Audio By Carbonatix
Presidential hopeful of the NPP, Nana Akufo-Addo says the NDC government's decision to go to the IMF for a financial bailout is a sad moment in Ghana's history.
“It is a sad day in the country’s history because by now, nearly 60 years after independence and with all that we have been through and the corrective measures put in place by the Kufuor regime, you would think that we would be more and more self-reliant,” Nana Addo said on A1 radio in Bolgatanga in the Upper East region.
This follows news that Ghana is likely to reach an agreement with the International Monetary Fund (IMF) over a possible bailout programme by November this year.
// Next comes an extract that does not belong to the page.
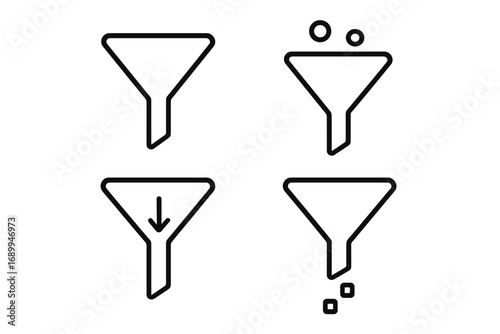 Minimalistic funnel line icon set, web and graphic design elements, app icons, social media, banner designs, vector cartoon illustration with transparent background, ordered 4-piece collection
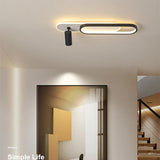 Modern Geometric LED Ceiling Light with Adjustable Spotlight for Living Room and Bedroom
Government announced in August it would seek an IMF intervention to tackle fiscal problems including inflation, an unyielding budget deficit and a depreciating currency.
Ghana’s most recent experience with the IMF was under a programme called Highly Indebted Poor Countries initiative under former NPP administration in 2001. HIPC sought to provide debt relief to cash-strapped countries based on the implementation of poverty alleviation strategies prescribed by the IMF and the World Bank.
Ghana has since exited the programme and has become a lower middle income country.
But faced with a worrying deficit since 2012, the government wants the IMF to help.
Deputy Minister for Finance, Ato Cassiel Forson has justified the decision and has maintained that the step by government will provide the country the needed assistance to support the balance of payment, stabilize macro-economic deficit and leverage the whole economy towards industrialization.
“It’s unfortunate that we have got into this”, Nana Akufo-Addo said and pointed out that the fundamental problem was a government that was dishonest, negligent, wasteful and corrupt.
“I believe strong that if we had a government that is prepared to do something about corruption, to make sure that contract and obligations government entered into were value for money”.
He was on a tour in the Upper East region to thank delegates for voting massively for him during the NPP's super delegates' conference.
The Ghanaian experience with the IMF in the 1980’s is one characterized by conditionalities, massive lay-offs, sale of government assets and withdrawal of subsidies and funding for some government programs.